All’irrimediabilità di questo difetto della vista, il narratore di Un uomo sottile sembra più volte sul punto di arrendersi. Ancora nelle ultime pagine del romanzo, dopo aver evitato di incontrare DDG in carne e ossa nella casa di cura dove è ospitato, ricorda il cancello di ferro che separa il reparto di DDG dal giardino dell’istituto: una riflessione tanto più pregnante, in quanto la professione del narratore/protagonista è proprio quella del fabbro. Un cancello rifinito finemente da «antichi maestri» del mestiere, di cui non si sente all’altezza. A lui, che pure è dotato di strumenti «più maneggevoli e veloci» sembra impossibile riuscire a ottenere oggi un lavoro tanto perfetto, così come al suo sguardo è negata quella trasparenza che nella frantumazione del presente è inattingibile, a differenza che nella composizione del passato. «Anche il mio viaggio intorno a DDG – afferma – avrebbe bisogno di strumenti più adeguati. Volevo che fosse ben temperato, scaldato a fuoco vivo, immerso bruciante nell’acqua gelida e poi ancora battuto a martello fino a diventare acuminato e splendente. Adesso vedo quel cancello chiudersi di fronte a me e separarmi per sempre da DDG.»

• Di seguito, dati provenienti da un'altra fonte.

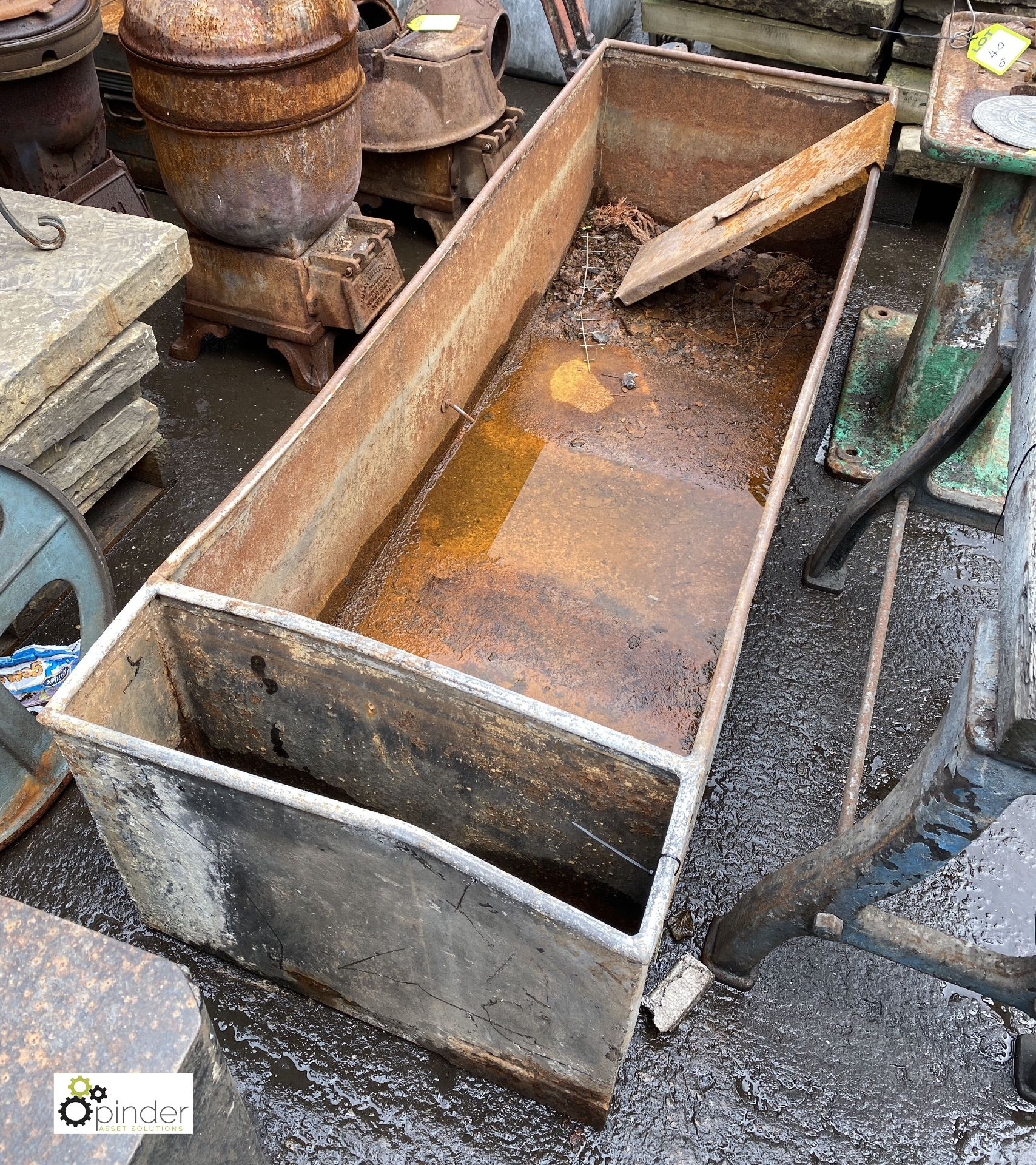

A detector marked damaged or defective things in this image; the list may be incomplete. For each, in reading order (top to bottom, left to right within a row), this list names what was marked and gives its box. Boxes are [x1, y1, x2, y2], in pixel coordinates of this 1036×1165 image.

rusty steel water tank [0, 0, 107, 197]
rusty steel water tank [122, 0, 366, 257]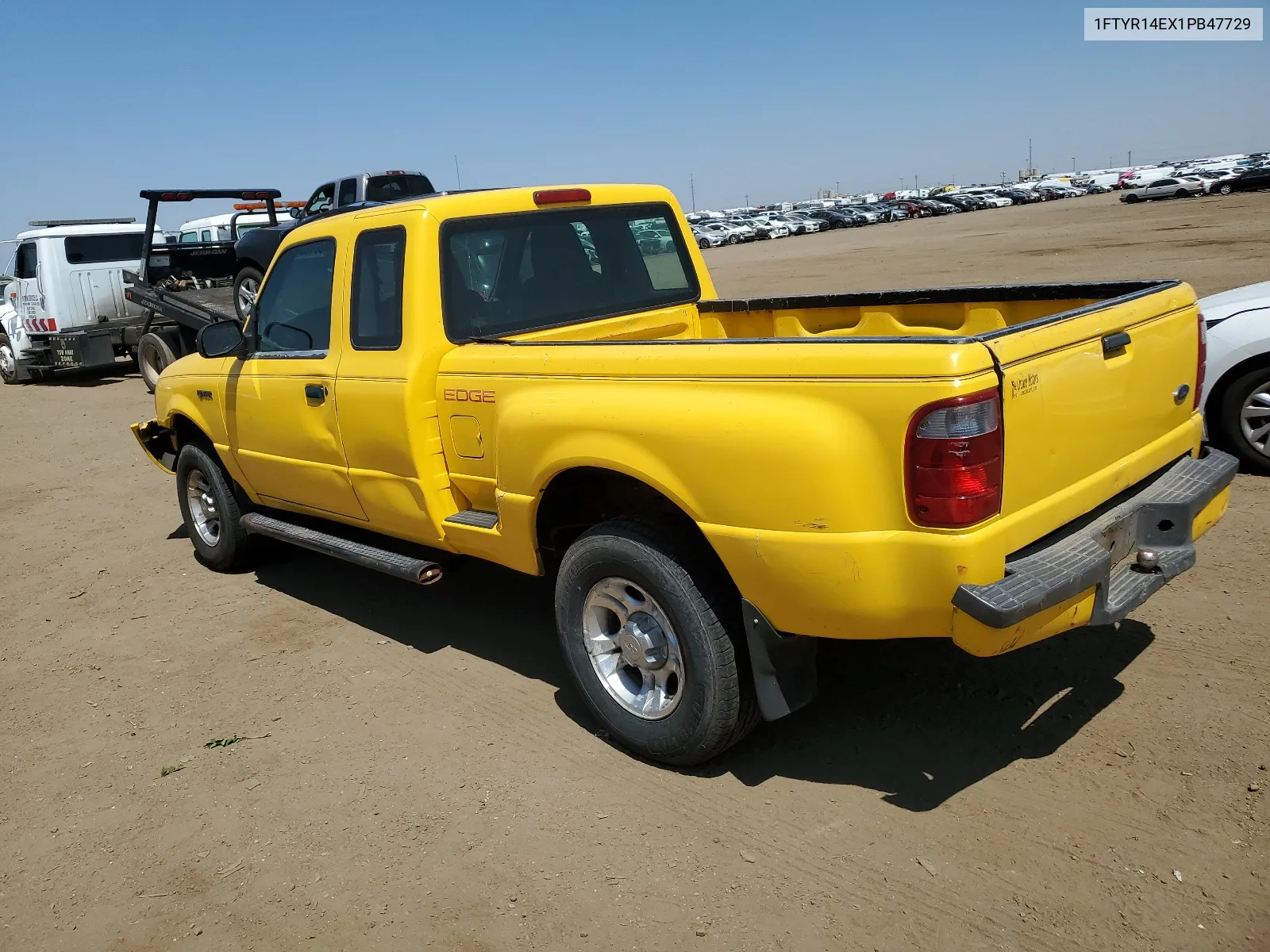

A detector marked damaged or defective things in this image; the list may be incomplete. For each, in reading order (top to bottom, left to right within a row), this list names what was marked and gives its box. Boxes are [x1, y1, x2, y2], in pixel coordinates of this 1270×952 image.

damaged front bumper area [130, 419, 178, 474]
dent on truck door [219, 238, 363, 523]
damaged front bumper area [955, 451, 1234, 637]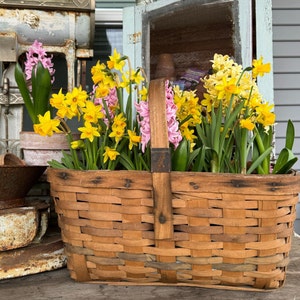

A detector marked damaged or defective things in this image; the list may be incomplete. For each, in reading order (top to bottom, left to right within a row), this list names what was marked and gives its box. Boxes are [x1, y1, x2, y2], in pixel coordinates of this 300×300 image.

L’unico esito concepibile dell’inchiesta è allora scivolare in un silenzio simile a quello di Del Giudice, tacere di fronte a «ciò di cui non si può parlare» ultimativamente? Ma qui forse bisogna guardare a un altro lato possibile di quel silenzio, che non è una resa all’inconoscibile, ma un abbandono coincidente con una grazia che permette di aderire alle cose, invece che di porsele dinnanzi con gli strumenti della rappresentazione. Aleggia ancora, qui, lo spirito di Bazlen non per come lo ha evocato Del Giudice, ma come ce lo ha restituito Roberto Calasso nel suo Bobi (Adelphi 2021): lo spirito di uno «sciamano travestito in abiti borghesi» che aveva trovato il proprio «modo di diventare vivo» in «un irrimediabile non sapere, esposto alle onde in ogni direzione». Ed è esattamente una riemersione alla vita il traguardo della narrazione di Un uomo sottile, un abbandono alle onde degli eventi che portano in dote al narratore la (lenta) guarigione della moglie, sul cui comodino, nell’ultimo paragrafo del libro, compare un libro di DDG. Quasi a siglare una tregua della memoria e della conoscenza con le proprie intermittenze, in un finale che salda strettamente la possibilità di conoscere con quella di amare e di vivere.